Crooked cops, crooked lawyers, crooked judges, crooked politicians, crooked doctors, crooked scientists, crooked clergymen -- but no crooked journalists. An amazing record for an amazing class of people.
June 18, 2007 8:25 PM | Reply | Permalink
I would like to agree with you 100%, but the crazy Radical Right editorial page philosophy has been seeping into the news sections for the last 2 years. In fact after the downsizing (of the page size that is!) I find I am not reading much of it anymore.
sPh
June 19, 2007 4:08 AM | Reply | Permalink
If only the Bancrofts practiced better birth control. Then they would not be suffering the fate of other prodigious newspaper families, like Boston’s Taylor family. The forces at work are not merely the excitement of watching their stock portfolios bloat as a result of the Murdoch offer. It’s more a matter of familial distribution. As more and more relations and generations grow away from the core business of Dow Jones, the more there is pressure on the trust to make stock value hard cash. It’s not about non-voting share value—it’s about the Bancroft family trust’s dependence on the, until recently, moribund stock price to subsidize the heirs of said trust.

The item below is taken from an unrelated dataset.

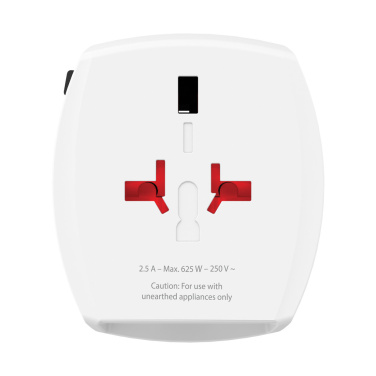 Logotrade korporatīvās dāvanas foto: SKROSS World Travel Adapter MUV 2-polu ar USB A un C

That said, those family members who have a say are between a rock and a hard place. The internal pressures to maximize available cash is pit against a history and heritage of stewardship of one of the nation’s premiere newspapers and news franchises. Newspaper families are an odd bunch. There aren’t that many, and fewer each year. The Ridders, the Knights, the Taylors, and the Chandlers have all pulled up stakes in the last 15 years. What remains, most notably the Sulzbergers and the Bancrofts, are beholden to their stewardship while trying to balance their prodigies’ demand for hard cash. Bancrofts and Sulzbergers share nightmares that their generation will be the one that goes down in history for killing their family’s most important contribution to journalism and the nation.
I do not envy their predicament. I only hope that they side with their stewardship obligation. But these challenges are going to recur again and again, unless the Bancrofts can create a deal that satisfies both sides. They need to maximize the value of Dow Jones to keep the trust participants at bay, while retaining the mantle of being a quality voice in the media wilderness.
/c
In the blogosphere every one is an expert, so no one is an expert.
June 19, 2007 6:05 AM | Reply | Permalink
Yes, the "crazy Radical Right" editorial page is a noxious influence, but I have known enough Journal reporters, and have heard about enough editors, to say that over the years some spines have been stiffened there precisely in reaction against the ridiculous editorials and op-eds and the Online Journal. How long that could go on is a legitimate question. And even were the editorial pages not so perverse, I know that it's a heavy lift to convince some people that any "business" newspaper is a good place to make a stand for the American republic.
Meanwhile, every day the Journal turns out some great domestic and foreign reporting, which takes discipline and courage to produce even under the best of cirumstances. A fair amount of it -- often ahead of the Times and less hidebound by political correctness -- provides authoritative "ammunition" for those left-liberal advocates who don't instinctively wrinkle their noses at the very thought of reading the Journal. It would be a great loss to see this engine harnessed ideologically or just dumbed down under a more typical corporate tutelage.